HeyToken AI DOCS
Developer Hub

Build with the world's best AI models.

Access all models through a single, OpenAI-compatible gateway. Sub-millisecond routing, unified billing, and 100% SDK compatibility.

Quickstart

Get up and running in less than 60 seconds using the official OpenAI SDKs.

from openai import OpenAI

client = OpenAI(
    api_key="sk-ht-xxxx",
    base_url="https://api.heytoken.ai"
)

response = client.chat.completions.create(
    model="gpt-4o",
    messages=[{"role": "user", "content": "Hello!"}]
)

print(response.choices[0].message.content)

Authentication

All API requests must include your API key in the Authorization HTTP header. You can generate and manage your keys in the API Keys dashboard.

Authorization: Bearer sk-ht-xxxxxxxxxxxx

Protect your Secret Key

Your API key carries the same privileges as your account. Never share it, commit it to version control, or use it in client-side code.

Chat Completions

POST
/v1/chat/completions

Generate intelligent responses using state-of-the-art language models. Our API supports high-performance streaming (SSE) and multimodal inputs.

Request Parameters

ParameterTypeDescription
modelRequired
string

ID of the model to use. See /v1/models for a full list.

messagesRequired
array

A list of messages comprising the conversation.

stream
boolean

If true, partial message deltas will be sent via SSE.

Default: false

temperature
number

Sampling temperature between 0 and 2.

Default: 0.7

max_tokens
integer

The maximum number of tokens to generate.

reasoning
boolean

Enable chain-of-thought for supported models (O1/DeepSeek).

Default: false

Response Formats

Standard JSON (Non-streaming)

{
  "id": "chatcmpl-123",
  "object": "chat.completion",
  "created": 1677652288,
  "model": "gpt-4o",
  "choices": [{
    "index": 0,
    "message": {
      "role": "assistant",
      "content": "Hello!"
    },
    "finish_reason": "stop"
  }],
  "usage": {
    "prompt_tokens": 9,
    "completion_tokens": 12,
    "total_tokens": 21
  }
}

Streaming (Server-Sent Events)

# data: prefix for each chunk
data: {"choices":[{"delta":{"content":"Hello"},"index":0}]}
data: {"choices":[{"delta":{"content":" world"},"index":0}]}
data: [DONE]

Tip: Set stream: true to significantly reduce perceived latency (Time To First Token).

Embeddings

Convert text into high-dimensional vectors for semantic search, clustering, and RAG applications.

cURL Example

curl https://api.heytoken.ai/embeddings   -H "Content-Type: application/json"   -H "Authorization: Bearer sk-ht-xxxx"   -d '{
    "input": "The food was delicious and the service was excellent.",
    "model": "text-embedding-3-small"
  }'

Image Generation

Create high-resolution images from text prompts using DALL-E 3, Midjourney, and Stable Diffusion.

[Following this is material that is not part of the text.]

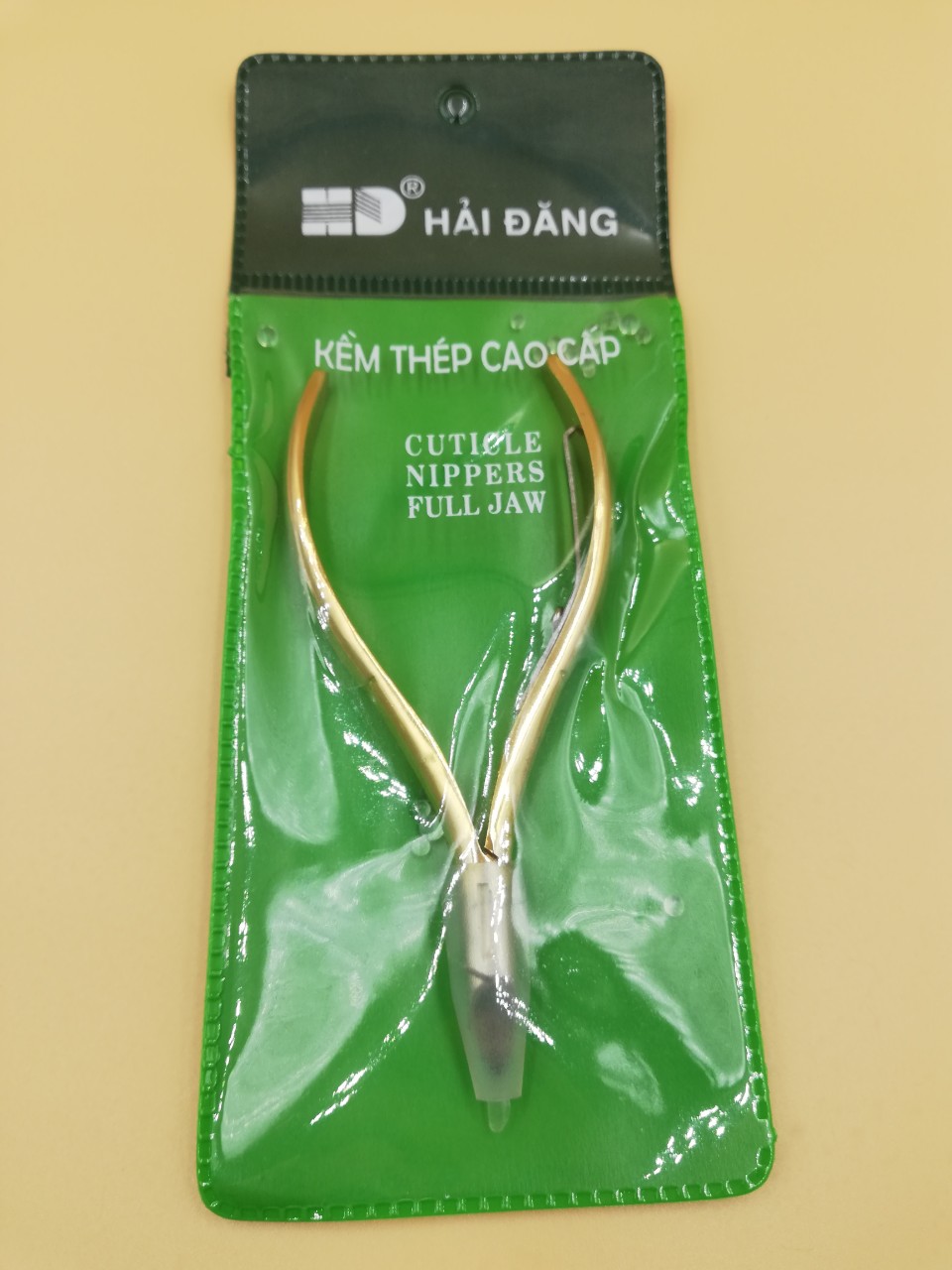 Kềm cắt da HẢI ĐĂNG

POST /v1/images/generations
Key Features
  • Multiple aspect ratios
  • HD quality support
  • Style consistency

Example Request

{
  "model": "dall-e-3",
  "prompt": "A futuristic city at sunset",
  "size": "1024x1024",
  "quality": "hd"
}

Video Generation

Generate cinematic videos from text or images using Sora, Runway, and Kling.

POST /v1/videos/generations
Asynchronous API
  1. 1.Submit a generation task to receive a task_id.
  2. 2.Poll the status endpoint or wait for a webhook callback.
  3. 3.Download the high-quality MP4 result once completed.

Realtime Voice (Beta)

Low-latency, full-duplex voice interactions using OpenAI Realtime and Google Gemini Multimodal.

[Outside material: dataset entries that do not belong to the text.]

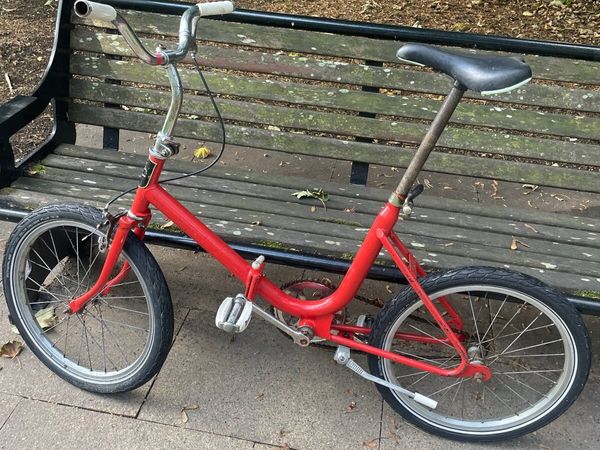Bike - Main image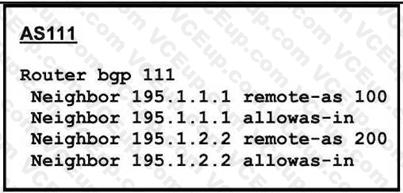 Cisco 300-410 image Question 213 111159 10072024005413000000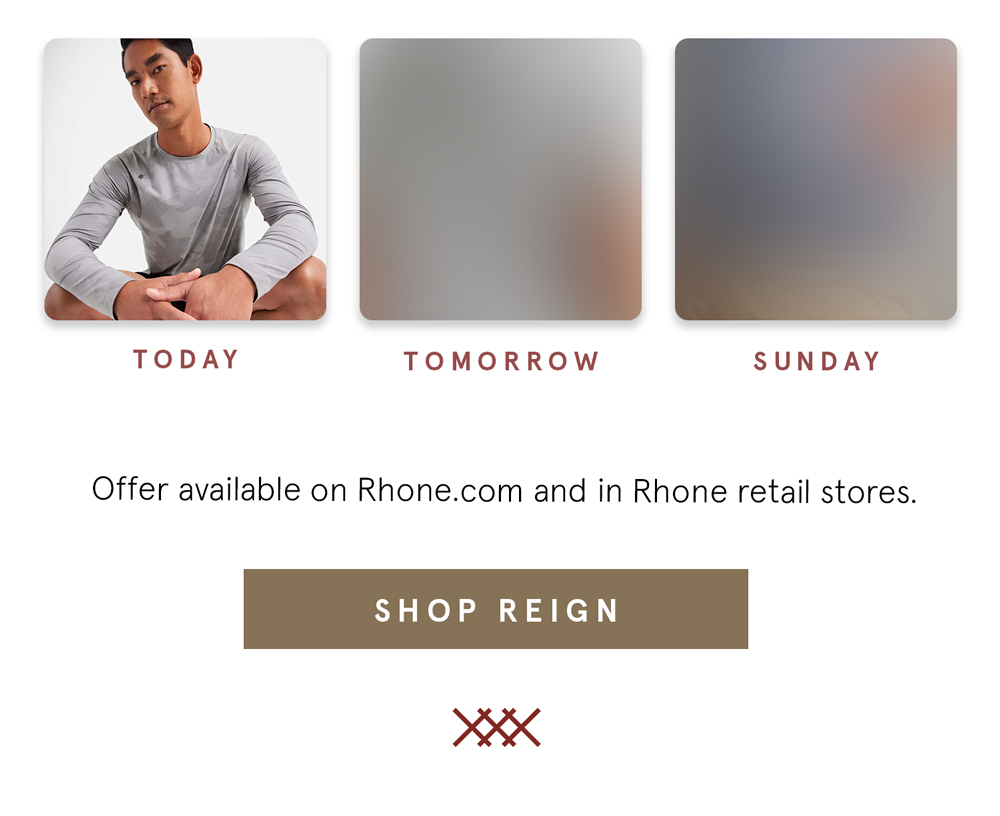 Shop Reign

This endpoint requires a WebSocket connection. Documentation for the /v1/realtime socket protocol is available upon request for Enterprise customers.

Rate Limits

Enforced to ensure fair usage and system stability across all developers.

RPM

100

Requests per min

RPH

1,000

Requests per hour

TPM

100k

Tokens per min

Concurrency

10

Active streams

Errors & Handling

We use standard HTTP status codes. A successful request returns a 2xx status code.

401
Unauthorized

Invalid or missing API key. Check your Authorization header format.

402
Payment Required

Insufficient balance. Top up your credits in the Billing section.

404
Not Found

The requested model or endpoint does not exist.

429
Rate Limit

Too many requests. Please implement exponential backoff.

500
Server Error

Upstream provider is temporarily down. Our system will auto-retry another channel.

503
Overloaded

The model is currently experiencing high traffic. Try again in a few seconds.

Best Practices

  • 1
    Use streaming for a better user experience in chat applications.
  • 2
    Implement timeouts (recommended 30-60s) to handle long-running generations.
  • 3
    Set max_tokens to control costs and prevent unexpected usage spikes.
  • 4
    Cache frequent requests to reduce latency and save on token costs.